PapalikesPapalikes Posts: 25
edited March 2012 in Beef

I have had reasonably good luck the few flat cuts I have smoked, but all have been on the dry side.  A cousin recommended doing a pack-cut to capitalize on the ribbon of fat that will render and keep the meat moist.  $94 dollars later, I have one coated in yellow mustard and "Trinity Rub" (equal parts sea salt, course ground black pepper, and garlic powder) with an appointment to meet my BGE this evening.  The plan is to serve it just before the next installment of Game of Thrones hits HBO tomorrow night.  But I digress.

Question is, should I roll and tie the brisket in an effort to get it to cook at the same rate for the whole thing?  It is about a 1.5 inches on one end and about 3 inches on the other and I am worried the thin side will be jerky and the thick side will be steak tar-tar.

I have had very good luck with I have tied pork butts in the past and was curious if I should do the same with a brisket. 
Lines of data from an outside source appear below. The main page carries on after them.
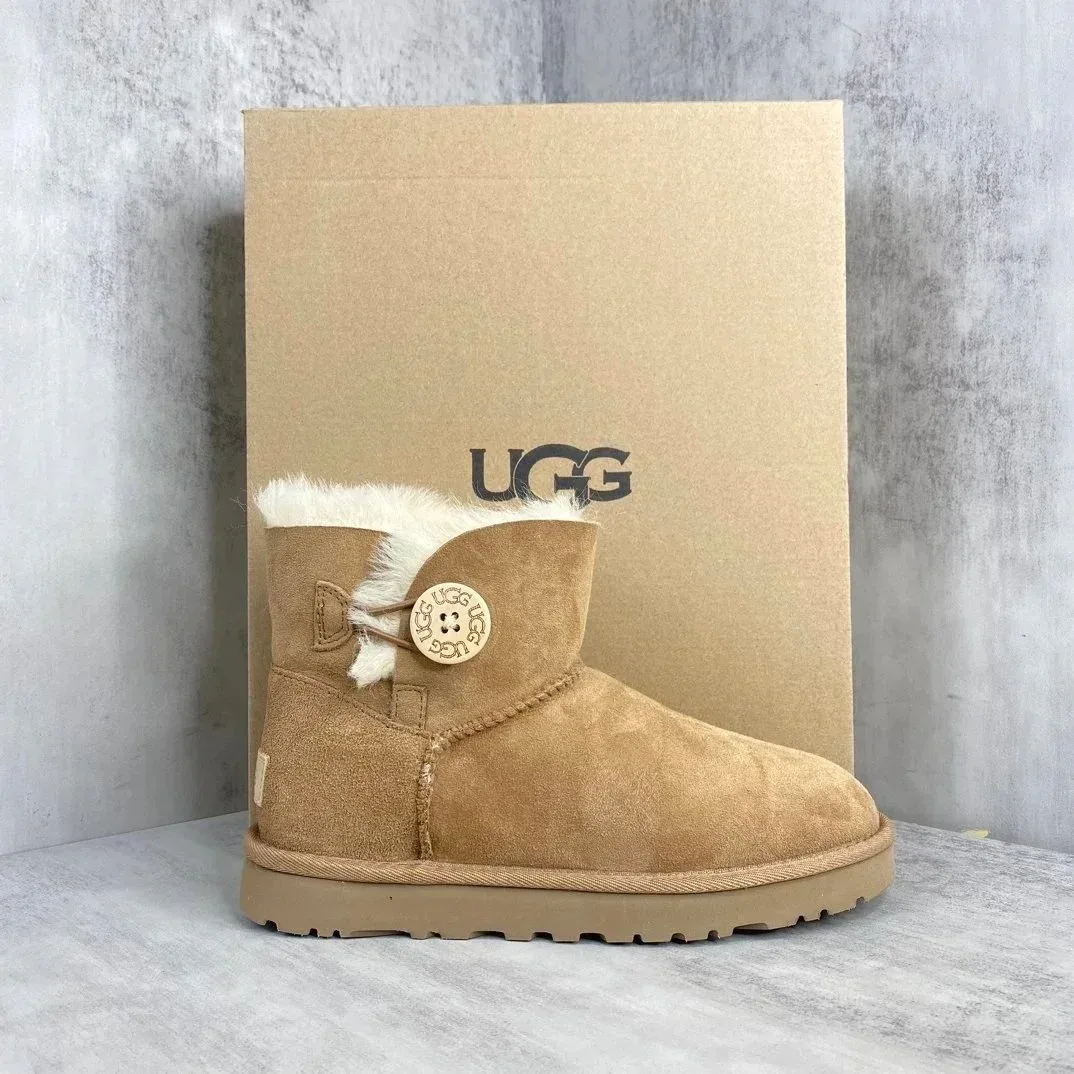 UGG UGG Classic Short Tan Boot Brown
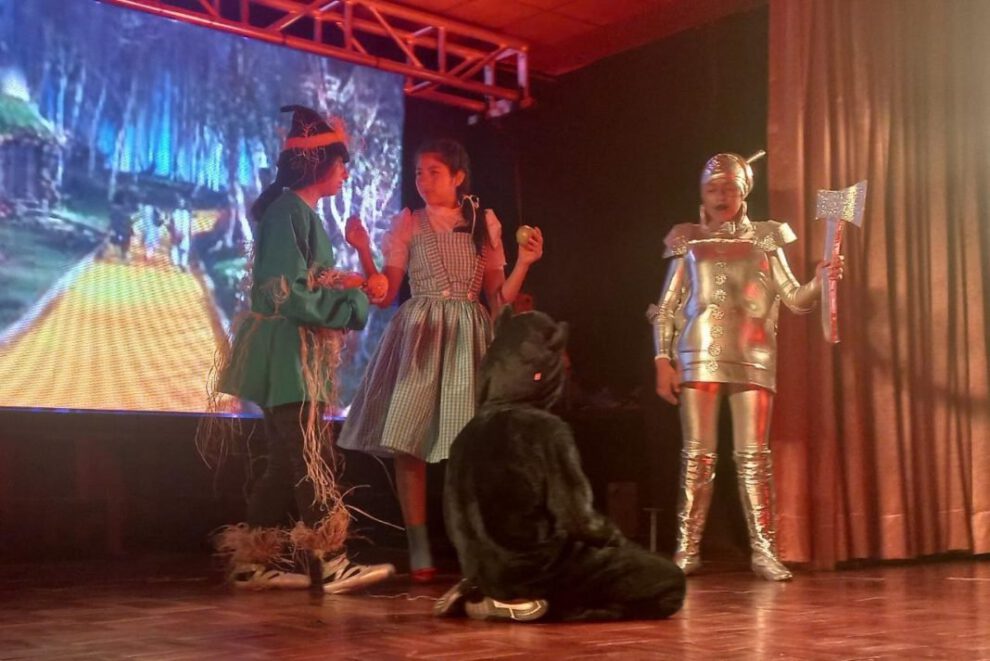 Estudiantes del Colegio Anglo Americano presentan El Mago de Oz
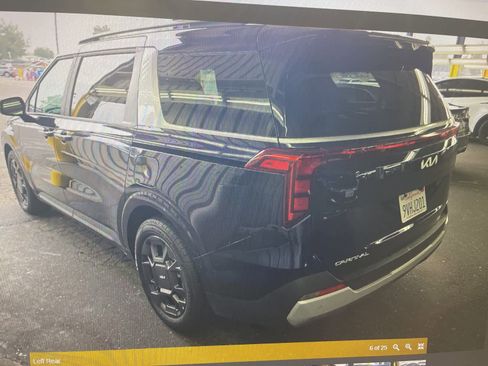 Used 2026 Kia Carnival EX image 5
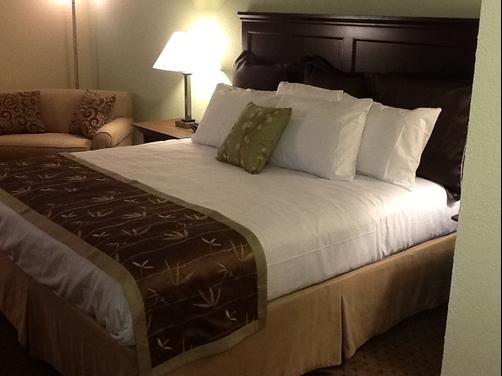 Grand View Inn & Suites - Branson - Bedroom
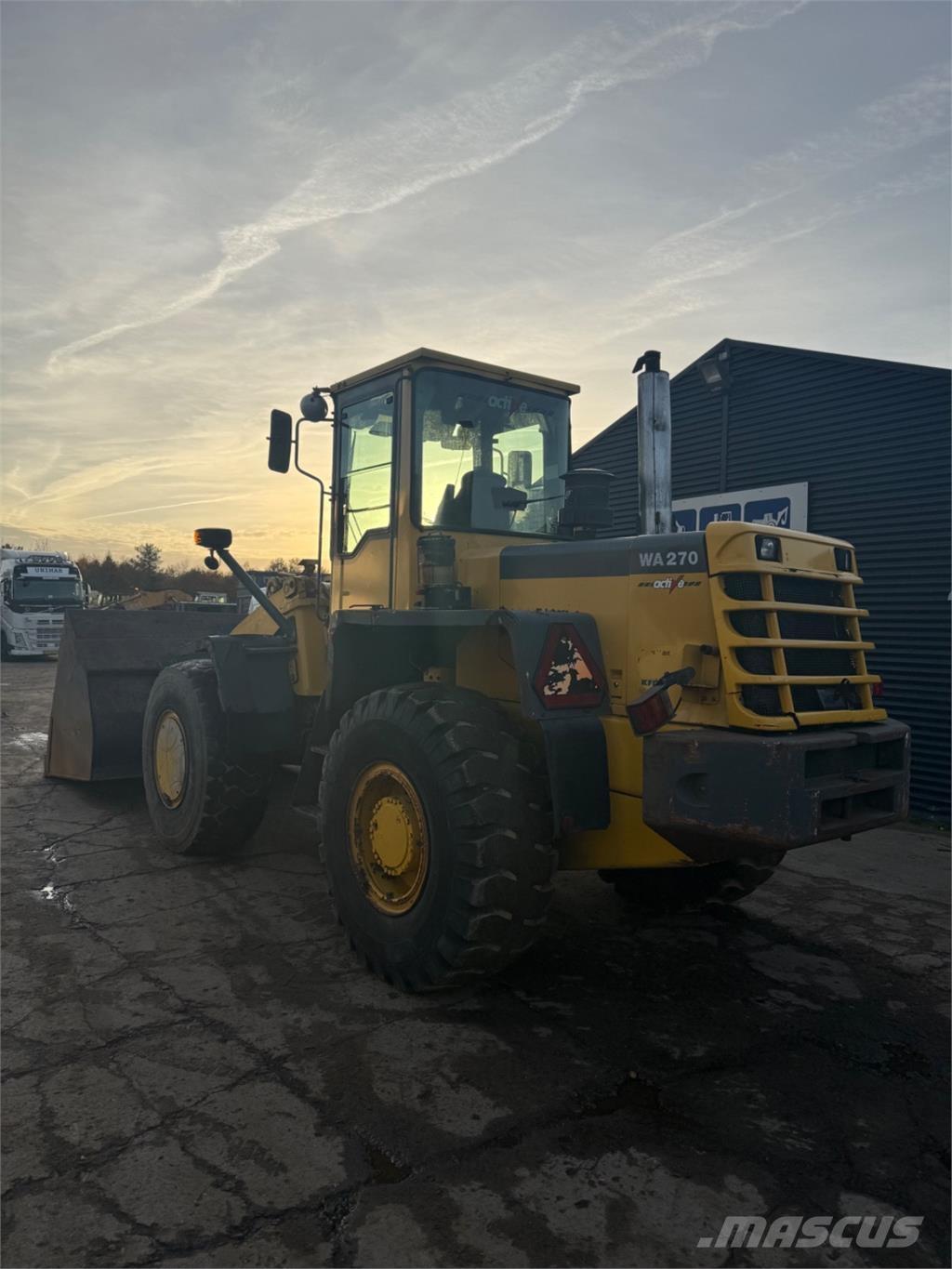 Komatsu WA270-3 Pale gommate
Any EggHeads have any thoughts?

Comments

  • hmmmm....I've never heard of such a thing. Certainly not to say it shouldn't be done. $94 is a big ticket for a brisket. I'm guessing you live somewhere that they are hard to find (been there before, try telling a butcher in Wisconsin that you don't want it trimmed and that it should not be $5 a pound if it's a whole packer).or you may just be buying a CAB or premium grade brisket

    My take on it is this: If you cook it right, you should be OK without rolling. The point (thick side) will actually be ready much sooner than the flat. I know this defies modern science (thicker = longer, right?) but it's true. The point has much more fat content which cooks much faster than the leaner muscle in the flat.Many people actually separate the point when it's done several hours before the flat is done but I cook them together and have not really had an issue. The fact is though that a flat is a much leaner drier cut of meat and will always be less moist than the point. 

    Also, if you do live in an area where brisket is harder to come by, they don't understand our sinister purposes for this cut and they always trim the fat cap off the flats like they are doing you a favor. Trimmed flats are impossible to keep from drying out so if  you cannot get one in the cryo with the fat cap on, I would avoid it. You can usually order them up but if you are doing flats only, it's critical to get one that is not trimmed.

    Let us know what you decided on this. i'm interested to hear how it turned out.
    Keeping it Weird in the ATX
  • PapalikesPapalikes Posts: 25
    Livin in Arizona, a packer-cut is hard to come by.  I found a good-ol'-fashioned butcher, who really loves the meat in his case.
    Thanks for the info. on why my flat cuts have beeb dry in th past.  Was beginning to wonder if I was fit to call myself an EggHead.
  • I wrote a dissertation today on Brisket for another guy that will help. it under the "turbo brisket" thread. It's long but it has everything you'll need to do a good low and slow brisket on the egg. let me know if I can help.
    Keeping it Weird in the ATX
  • When I lived in WI, I used to buy CAB briskets from a restaurant (then I opened a restaurant and got them through Sysco). If you know anyone in the restaurant biz, work a deal to get packers from them. Even if they mark them up a little, you'll be OK. Also, tell your butcher you want a packer in the cryo-vac. If they don't trim it or touch it, it should be much cheaper. I went over how to get it ready in my brisket post. If they don't understand BBQ, they trim them and charge $5-$6 per lb.for the worthless (to us) center cut trimmed pieces.